Publié par : odelafaire | 17 juillet 2012

Question au Préfet des Yvelines

Conscientes de mon attachement pour la défense des intérêts des personnes handicapées, plusieurs associations m’ont sollicité. C’est la raison pour laquelle je suis intervenu auprès du Préfet lors de la séance du Conseil  Général du 22 juin 2012. 

Voici un extrait du compte-rendu de la séance :

M. de LA FAIRE – Assurer l’accessibilité des personnes handicapées, en particulier aux lieux publics, est un sujet qui nous est cher.

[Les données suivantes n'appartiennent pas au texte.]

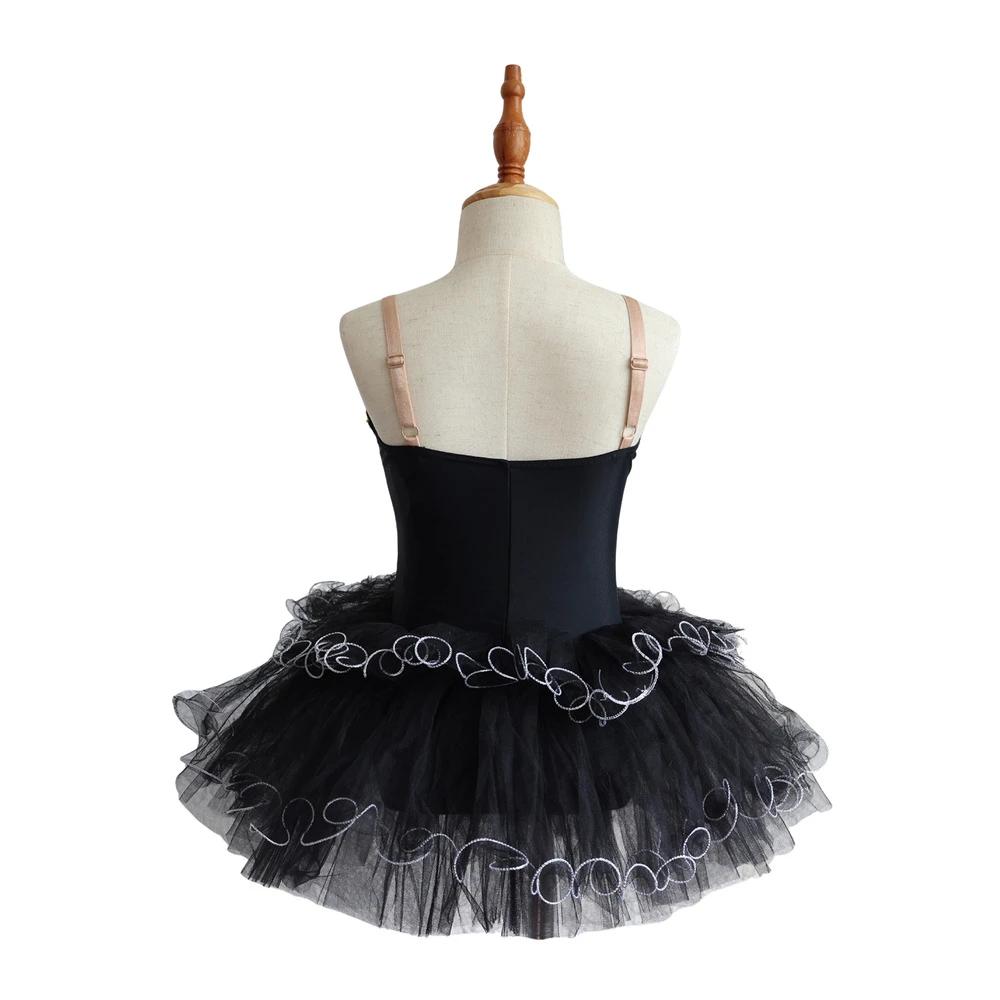 Vestido de tut&uacute; de ballet para ni&ntilde;as de encaje dorado Disfraz de actuaci&oacute;n esc&eacute;nica para ni&ntilde;os-ALP03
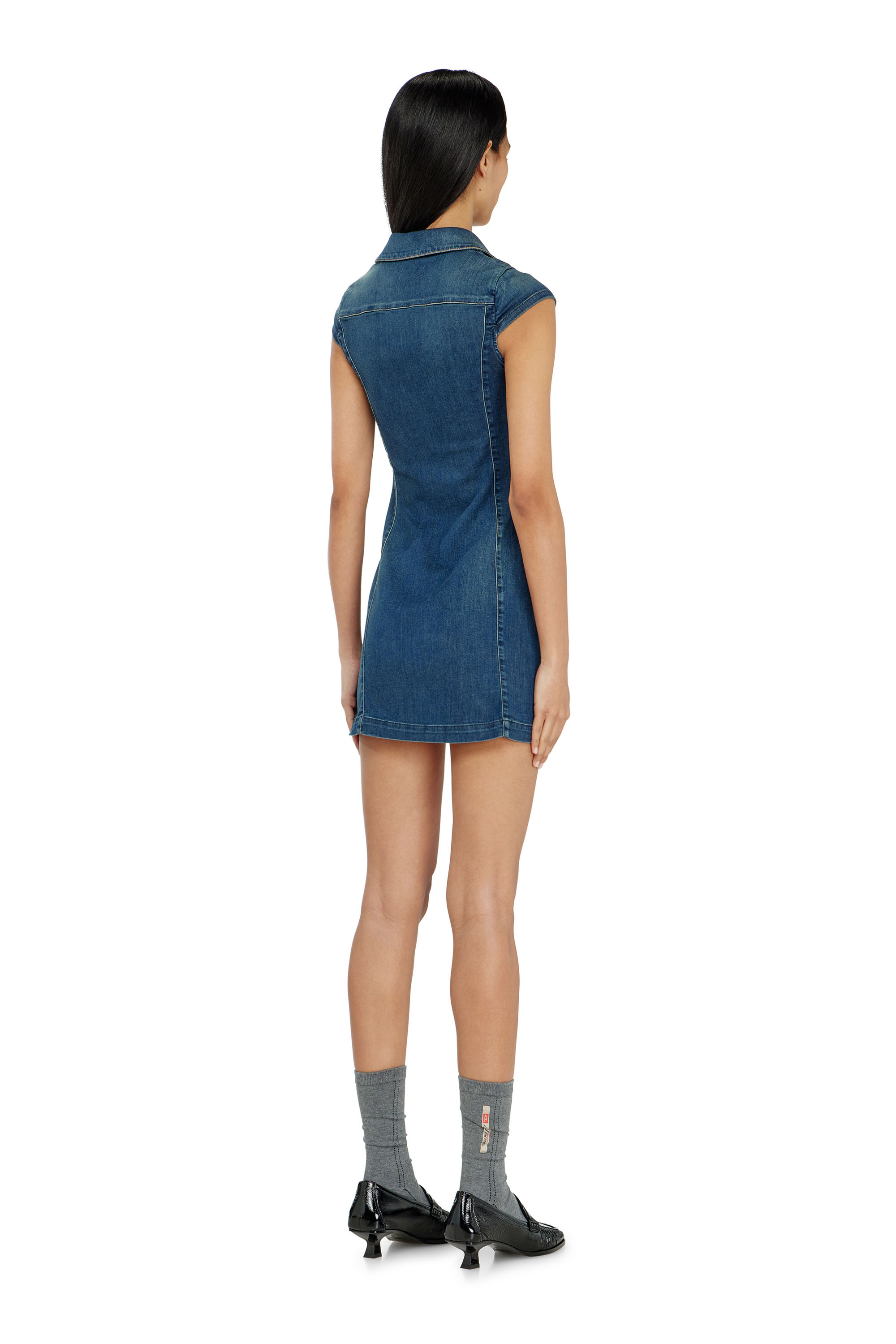 Diesel - DE-LORVYN-S, Robe-chemise en denim avec zip int&eacute;gral Femme in ToBeDefined - 3
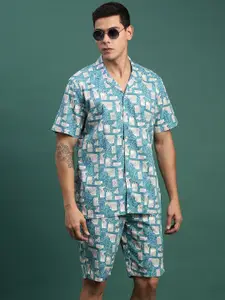 SHOWOFF Printed Relaxed Fit Cuban Collar Shirt With Shorts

Améliorer l’emploi, la scolarisation, l’accès à la culture ne sert à rien si l’on ne peut pas prendre les transports en commun ou entrer dans les bâtiments, et ce pour tous les types de handicaps.

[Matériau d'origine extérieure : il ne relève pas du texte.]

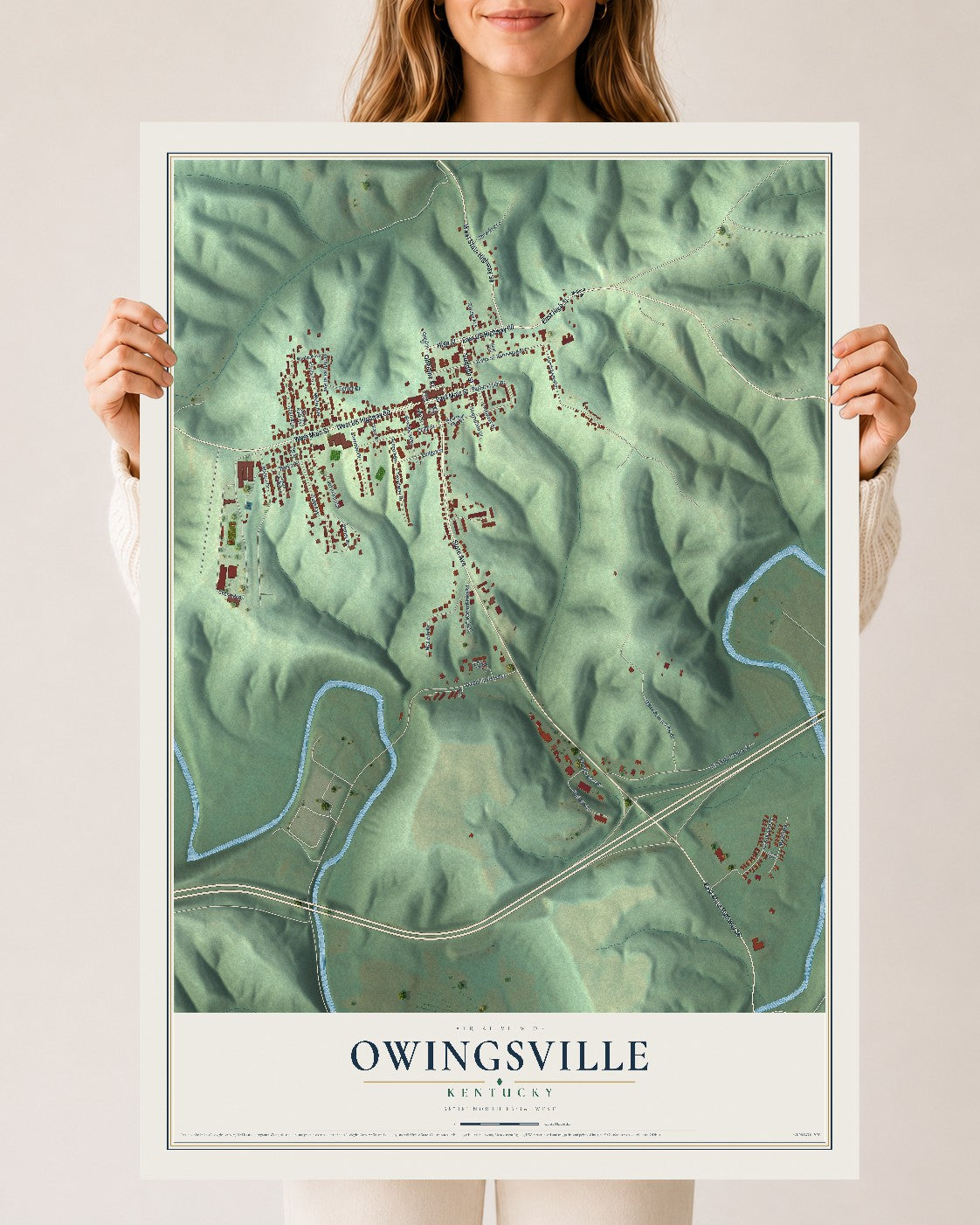 Map of Owingsville, Kentucky, 24 x 36 inch unframed archival matte print
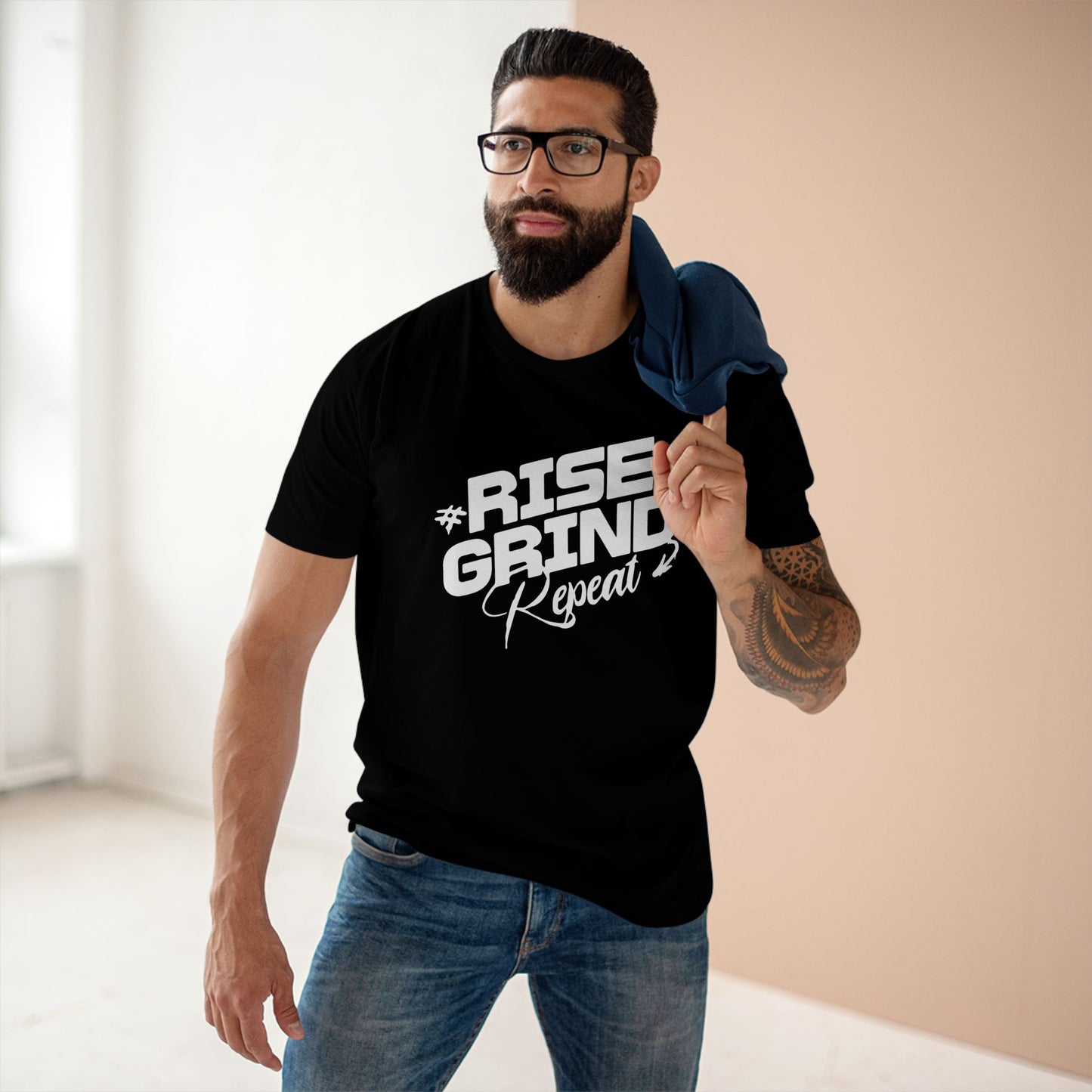 adult staple tee - rise, grind, repeat - hustle daily motivation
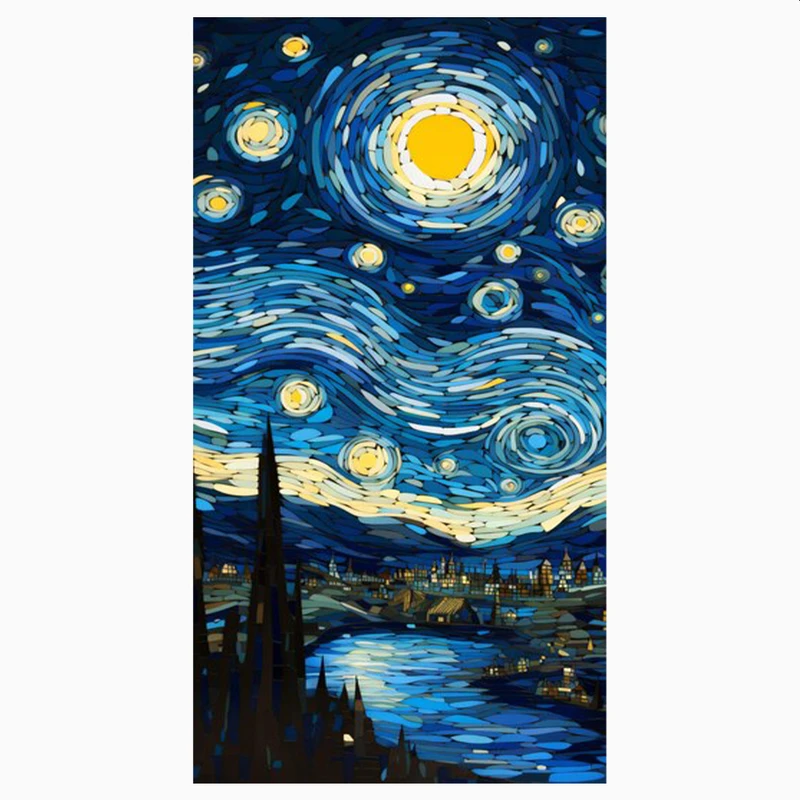 فرش پارچه‌ای مدل فرشینه طرح شهر نورانی ونگوگ کد AR3059078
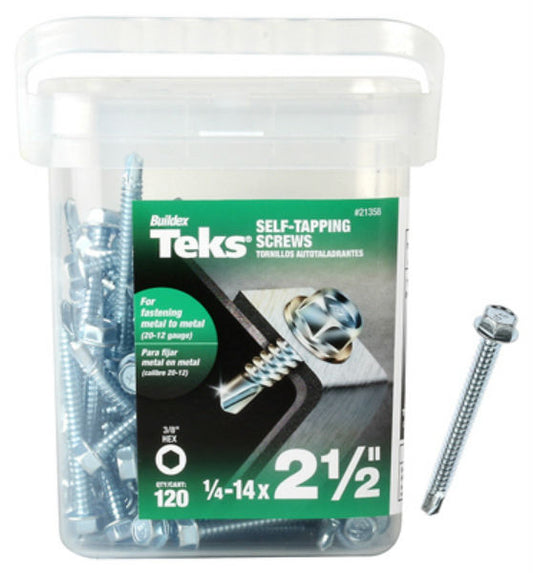 Teks 21358 Metal-To-Metal Self-Tapping Screw, #14 x 2-1/2", 120-Pk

La loi du 11 février 2005 imposait au gouvernement des obligations et un calendrier, notamment l’accessibilité totale en 2015 des établissements recevant du public, des espaces publics et des transports publics.

Mais certaines collectivités ne sont pas en mesure de réaliser les travaux qui s’imposent, soit en raison de leur coût élevé, voire disproportionné, soit en raison de difficultés techniques et architecturales.

Au vu des retards constatés et des difficultés rencontrées par certaines communes, le nouveau gouvernement prévoit-il des aides supplémentaires pour les communes qui n’ont pas toujours les moyens de réaliser la mise aux normes pour 2015 ? Et, sans réduire les obligations légales des collectivités locales en matière d’accessibilité, le Gouvernement envisage-t-il plus de flexibilité lorsque des contraintes architecturales ou des contraintes financières disproportionnées pénalisent les collectivités ?

Enfin, dans les établissements scolaires qui doivent procéder à la mise en accessibilité de leurs locaux, pourrait-on envisager, sans remettre en cause l’esprit de la loi handicap, de réaliser cette mise en accessibilité pour un maximum de classes sans en faire une obligation pour toutes les classes ?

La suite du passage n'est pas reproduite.